Bestandsaufnahme: Wer bin ich?


Ich glaube, dass sich Menschen immer schon mit dieser Frage beschäftigten. »Gnothi Seautón – Erkenne dich selbst« steht über der Pforte des Apollo-Tempels im griechischen Delphi. Wenn ich wissen will, wer ich bin, ist Selbsterkenntnis kein schlechter Beginn. Der Volksmund bestätigt diese Herangehensweise: »Selbsterkenntnis ist der erste Schritt zur Besserung!«

Wie erkenne ich mich selbst? In der Bibel wird das Wort »erkennen« verwendet, wenn es darum geht, jemandem nahe zu sein. Adam erkannte Eva und machte sie zu seiner Frau (vgl. 1. Mose 4,1). Mit »erkennen« ist aber nicht nur die körperliche Nähe gemeint: »Ich gebe ihnen ein Herz, damit sie erkennen, dass ich der Herr bin«, spricht Gott durch Jeremia (Jeremia 24,7; EÜ). Um jemanden im biblischen Sinne zu erkennen, reichen weder körperliche Nähe noch genügen Informationen.

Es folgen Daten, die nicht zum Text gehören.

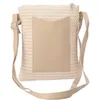 Antonio Damen Bast Tasche S  beige Produktbild-Vorschau 2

Gott hat nicht den Körper und auch nicht den Verstand als Werkzeug des Erkennens benannt, sondern das Herz, das körperliche Sinnbild für positive Gefühle. (Negative Gefühle werden bildhaft anderen Körperregionen zugeordnet: Die Laus läuft über die Leber, und wenn jemandem die Galle überläuft, ist er wirklich zornig.) Das Herz ist ein Symbol für Liebe und Zuneigung, aber auch für Mut: Ich fasse mir ein Herz. Es ist der Ort, an dem sich das Wesen eines Menschen offenbart: ehrlich und unverstellt.

»Man sieht nur mit dem Herzen gut. Das Wesentliche ist für die Augen unsichtbar«, sagt der Fuchs in Antoine de Saint-Exupérys wundervollem Buch Der kleine Prinz.16 Der Prophet Samuel verkündete jedoch: »Der Mensch sieht auf das Äußere; der Herr sieht auf das Herz« (1. Samuel 16,7; EÜ), und damit hat er bis heute recht. Wir benutzen das Wort »erkennen« nur in Bezug auf äußere Merkmale: Damit ich jemanden erkennen kann, muss ich wissen, wie er aussieht. Der Erkennungsdienst der Polizei speichert Fotografien und Fingerabdrücke.

Nicht wenige Menschen identifizieren sich mit ihrem Aussehen. Ob der Mann einen Anzug oder Jeans trägt, die Frau ein Kleid oder eine Jogginghose, beeinflusst, wie andere ihn oder sie wahrnehmen. »Kleider machen Leute«, weiß der Volksmund und so geben Frauen, aber auch Männer viel Geld für die Optimierung ihres Äußeren aus.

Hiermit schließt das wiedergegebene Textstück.